Spotlight on UQ in India

19 May 2016
Emma Natty records fellow journalism student Ellen Carseldine presenting a piece to camera in New Delhi.

Strengthening commercial capabilities and opportunities for cutting-edge research of global significance make India a priority for UQ’s aim to become Australia’s most globally connected university.

Amid widespread poverty, corruption and inadequate public health, India has emerged as the seventh largest and one of the fastest-growing economies in the world.

UQ has enjoyed strong academic links with India for more than 50 years, and this bilateral relationship is an important strategic partnership for the Australian government, attracting significant national investments and initiatives.

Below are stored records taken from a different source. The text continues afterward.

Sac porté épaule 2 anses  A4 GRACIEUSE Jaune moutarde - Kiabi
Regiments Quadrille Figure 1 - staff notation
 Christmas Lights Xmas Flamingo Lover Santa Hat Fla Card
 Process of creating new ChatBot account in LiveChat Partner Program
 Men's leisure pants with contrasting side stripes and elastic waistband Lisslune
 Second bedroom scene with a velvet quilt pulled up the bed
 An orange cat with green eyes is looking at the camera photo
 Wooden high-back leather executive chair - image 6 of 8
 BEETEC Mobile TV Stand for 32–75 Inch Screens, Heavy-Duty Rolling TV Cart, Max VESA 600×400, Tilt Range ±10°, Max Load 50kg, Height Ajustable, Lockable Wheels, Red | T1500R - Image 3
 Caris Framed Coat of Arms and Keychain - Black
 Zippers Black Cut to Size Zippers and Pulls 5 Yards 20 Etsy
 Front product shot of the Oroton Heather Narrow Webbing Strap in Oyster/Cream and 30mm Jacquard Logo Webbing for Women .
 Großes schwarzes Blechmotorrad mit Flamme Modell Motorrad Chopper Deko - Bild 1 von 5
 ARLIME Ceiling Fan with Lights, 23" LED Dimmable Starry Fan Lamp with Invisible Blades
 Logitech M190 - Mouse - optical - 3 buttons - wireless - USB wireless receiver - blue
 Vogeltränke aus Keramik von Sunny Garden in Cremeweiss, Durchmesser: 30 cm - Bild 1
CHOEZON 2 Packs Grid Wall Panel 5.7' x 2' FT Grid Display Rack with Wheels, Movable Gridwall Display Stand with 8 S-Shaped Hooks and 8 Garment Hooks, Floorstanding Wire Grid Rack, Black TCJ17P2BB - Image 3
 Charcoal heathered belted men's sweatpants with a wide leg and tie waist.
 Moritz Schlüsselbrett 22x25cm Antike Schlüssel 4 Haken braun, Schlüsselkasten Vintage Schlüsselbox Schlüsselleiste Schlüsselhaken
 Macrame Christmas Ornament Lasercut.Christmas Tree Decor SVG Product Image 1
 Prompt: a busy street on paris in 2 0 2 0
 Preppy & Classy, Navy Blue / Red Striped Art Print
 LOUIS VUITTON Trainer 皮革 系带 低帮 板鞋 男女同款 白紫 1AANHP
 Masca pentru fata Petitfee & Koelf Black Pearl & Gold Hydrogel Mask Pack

Deputy Vice-Chancellor (International) Professor Monique Skidmore said the relationship had a strong focus on joint research.

“India’s booming economy aligns with UQ’s focus on collaboration through innovative business models with increasing entrepreneurship among students and researchers,” Skidmore said.

“Engaging Indian industry partners will offer unique opportunities for internships, commercialisation prospects and developing strong research initiatives.

“It will also help to meet the increasing student, industry and government demand to produce graduates with global experience.”

Indian student enrolments in UQ coursework and research programs have increased from 175 in 2011 to 330 in 2015. UQ has 1699 Indian alumni and 69 Indian academic staff members, including four professors and six associate professors.

The Institute of Modern Languages has taught Hindi since 1967, with growing popularity requiring an increase in teaching staff.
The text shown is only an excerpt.